Pasca transcarpathian – en Ukrainian cuisine recipe; for its cooking, the flour is steamed in hot milk. Pasca is not stale for a long time and remains soft for a long time. You can use any nuts, almonds are better, of course, but walnuts are also suitable. The top of the paska can be sprinkled with colored sugar, mixed with powdered sugar and dried food color.
Pasca transcarpathian ingredients
Pasca transcarpathian recipe
To cook transcarpathian pasca, bring the milk to a boil. Pour hot milk into the sifted flour (300 g) and stir. Dilute the yeast in a small amount of warm milk. Divorced roads connect with the cooled mass of milk and flour, cover and put in heat for 1 hour.
In a separate bowl, combine sugar, vanilla sugar, egg yolks and beat slightly. Beat egg whites with salt separately. Add a mass of egg yolks to the coming dough, mix and, without stopping interfering, gradually pour the sifted flour. Flour does not need to be poured all at once, about half of the rest will go to this batch. After injecting whipped egg whites and knead until the dough is left behind by hand.
Cover the kneaded dough and put into heat again for an hour. As long as the dough comes up, nuts, almonds are better, but walnuts will go well, crushed in a mortar. It is not necessary to grind nuts into dust, if almonds are used, then it is better to chop it with a knife, wash the raisins. Melt the butter and cool it down so that it is not too hot.
Add melted and chilled butter to the dough that has come up, while the dough will begin to change its properties, but you should not be scared.
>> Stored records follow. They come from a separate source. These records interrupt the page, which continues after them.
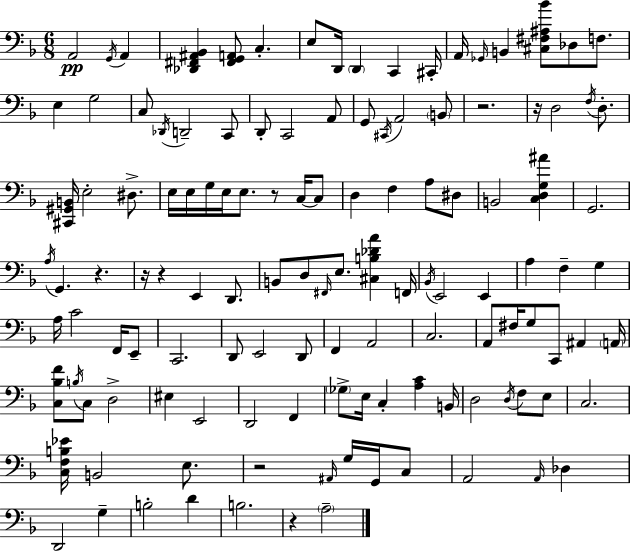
X:1
T:Untitled
M:6/8
L:1/4
K:F
A,,2 G,,/4 A,, [_D,,^F,,^A,,_B,,] [^F,,G,,A,,]/2 C, E,/2 D,,/4 D,, C,, ^C,,/4 A,,/4 _G,,/4 B,, [^C,^F,^A,_B]/2 _D,/2 F,/2 E, G,2 C,/2 _D,,/4 D,,2 C,,/2 D,,/2 C,,2 A,,/2 G,,/2 ^C,,/4 A,,2 B,,/2 z2 z/4 D,2 F,/4 D,/2 [^C,,^G,,B,,]/4 E,2 ^D,/2 E,/4 E,/4 G,/4 E,/4 E,/2 z/2 C,/4 C,/2 D, F, A,/2 ^D,/2 B,,2 [C,D,G,^A] G,,2 A,/4 G,, z z/4 z E,, D,,/2 B,,/2 D,/2 ^F,,/4 E,/2 [^C,B,_DA] F,,/4 _B,,/4 E,,2 E,, A, F, G, A,/4 C2 F,,/4 E,,/2 C,,2 D,,/2 E,,2 D,,/2 F,, A,,2 C,2 A,,/2 ^F,/4 G,/2 C,,/2 ^A,, A,,/4 [C,_B,F]/2 B,/4 C,/2 D,2 ^E, E,,2 D,,2 F,, _G,/2 E,/4 C, [A,C] B,,/4 D,2 D,/4 F,/2 E,/2 C,2 [C,F,B,_E]/4 B,,2 E,/2 z2 ^A,,/4 G,/4 G,,/4 C,/2 A,,2 A,,/4 _D, D,,2 G, B,2 D B,2 z A,2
When the butter is well combined with the dough, add the almonds, raisins and gradually mixing, add the remaining flour. Put the finished dough into prepared forms, the dough should take a little lower than half the form, let the dough come up, and then put in the oven preheated to 180°C (355°F). Bake transcarpathian pasca is necessary for 40-60 minutes, depending on the size of the form. Remove the cooked pasca from the mold, sprinkle with powdered sugar and let cool.